The ballad "Glasgow" discusses the loss of a loved one and coming to terms with it. Describing the lyrics, Franceschi said: "[Y]ou can either grow to resent that person, or grow to accept and respect how they feel and move on". Franceschi came up with rough ideas for the melody while in his basement, and later showed it to the rest of the band during a rehearsal. They expanded on it and finished it after three further jam sessions; Flint said the city of the same name was one of their favourite locations to perform. "Adrenaline" talks about having split personalities, and relying on co-dependency, which was something Franceschi realised he struggled with. It was written in a studio north of Alexandra Palace in London around the November–December 2018 UK tour, while the middle eight was later done in Thailand. According to Helyer, "Voicenotes" was influenced by Igor's Theme" (2019) by Tyler, the Creator. Barnes said the guitars in it acts in a call-and-response manner and panned differently. The guitar part that Helyer had demoed was a single-note riff that featured throughout the track. When they tried recording it, he thought it "sounds a bit crap"; Barnes then thought that the riff should be played on a bass and the guitars should be enhanced by a DigiTech Whammy pedal.

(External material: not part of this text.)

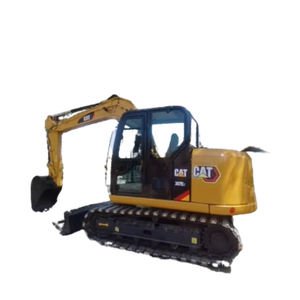 Carter Petite pelle sur chenilles 2016 Modèle 7 T Poids de fonctionnement Moteur et moteur Utilisation polyvalente - Product Image 1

Franceschi wrote the penultimate song "Finish What I Started" about an instance where he nearly took his own life; it was written while touring Night People in Germany in 2017. The band worked on the song further when they were recording VI. The closing track, "What's It Like", is an electronic rock song with influence from hip hop, recalling Amo (2019)-era Bring Me the Horizon. Discussing the song, Franceschi said he "sort of poke[s] fun at those who are libertines or self-serving [...] Life's not a competition, but people have a tendency to play it out that way". The idea for the song originated from Flint while he was in a session with Barnes and Miller.

==Release==
"Our House (The Mess We Made)" was released as a non-album single in February 2020, with funds going to an Australian bushfire relief. "Make Me Feel Alive" was released as a single on 21 August 2020; the song's music video is done in a split screen point-of-view style, and features a cameo from Leigh Gill. A lyric video was released for it on 8 September, with footage of Flint skydiving. On 21 September, Suckapunch was announced for release early next year. Alongside this, the album's track listing and artwork were revealed, and "Beautiful Way" was released as a single. A remixed version of "Make Me Feel Alive", done by Flint; according to Rock Sound, it took the "heated aggression of the original track and add[ed] some guttural breakbeats, pumping bass and industrial atmosphere, it completely changes the tone of the track from devastating to euphoric". "Suckapunch" was released as a single on 26 November 2020; the song's music video was directed by Cass Virdee. "Adrenaline" was released as a single on 4 January 2021. Five days later, the band released a making-of documentary on the recording of the album. Suckapunch was released on 15 January 2021, through the band's own label Underdog Records and AWAL. The Japanese edition included a live version of "What's It Like" recorded at Gunnersville Festival.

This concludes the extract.